# NOS MX-Leader photos???



## MENTAL FLOSS (Oct 19, 2006)

try again.....different computer


----------



## atpjunkie (Mar 23, 2002)

*now I'm no expert*

but the only company I've ever known to do such psychedelia on a stem is Cyclart. Is it a Ti Stem?


----------



## MENTAL FLOSS (Oct 19, 2006)

Stem was a NIB Cinelli Grammo Art 120mm x 26mm, yes... titanium.


----------



## Guest (Nov 7, 2006)

It's very nice but you know you're killing ATP .........................


----------



## physasst (Oct 1, 2005)

*Yeah*



toomanybikes said:


> It's very nice but you know you're killing ATP .........................



I think ATP is going to be crying hisself to sleep tonight.....:cryin:


----------



## Kenacycle (May 28, 2006)

You should post them pics in the Official Merckx gallery that has been pushed down a few threads from the main merckx page.

Bike looks great, but would be better if you didn't overly match the color with that blue/red bar tape and the artsy stem.. But if that's what you like, then it's cool too.


----------



## MENTAL FLOSS (Oct 19, 2006)

I thought the tape looked crummy once it was on as well. Didnt want to go white and look like a wanna-be moto. Will re-wrap blue/black or blue in a couple of weeks. Hope to get some on the road photos on Saturday. 20 miles 6000' climbing.....


----------



## Kenacycle (May 28, 2006)

Having white tape does not make it more of a "wannabe".. It is just the best match in terms of color and it's pleasing to the eyes. There's no denying that it's a moto bike; after all it's painted in moto colors.

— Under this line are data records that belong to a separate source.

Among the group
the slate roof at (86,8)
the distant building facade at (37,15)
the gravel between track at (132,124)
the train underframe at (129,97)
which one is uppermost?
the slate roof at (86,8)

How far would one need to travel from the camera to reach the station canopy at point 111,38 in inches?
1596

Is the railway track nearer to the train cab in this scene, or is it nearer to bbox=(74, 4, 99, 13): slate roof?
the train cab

what i am trying to say is, it's a "wannabe" moto bike either way.. might as well make it look the best with white tape 

Just my opinion


----------



## MENTAL FLOSS (Oct 19, 2006)

Agreed......white looks the best.....but i seem to get the tape so dirty and greased up...and the stella tape does not wash well......


----------



## Kenacycle (May 28, 2006)

You can look for those vinyl bar tape that has a slight glossy finish which you can wipe clean it.

I personally prefer Cinelli cork ribbon. Although it does get dirty, but it is the dirty look that I really like. It gives the bike more character and that it has been ridden lots.


----------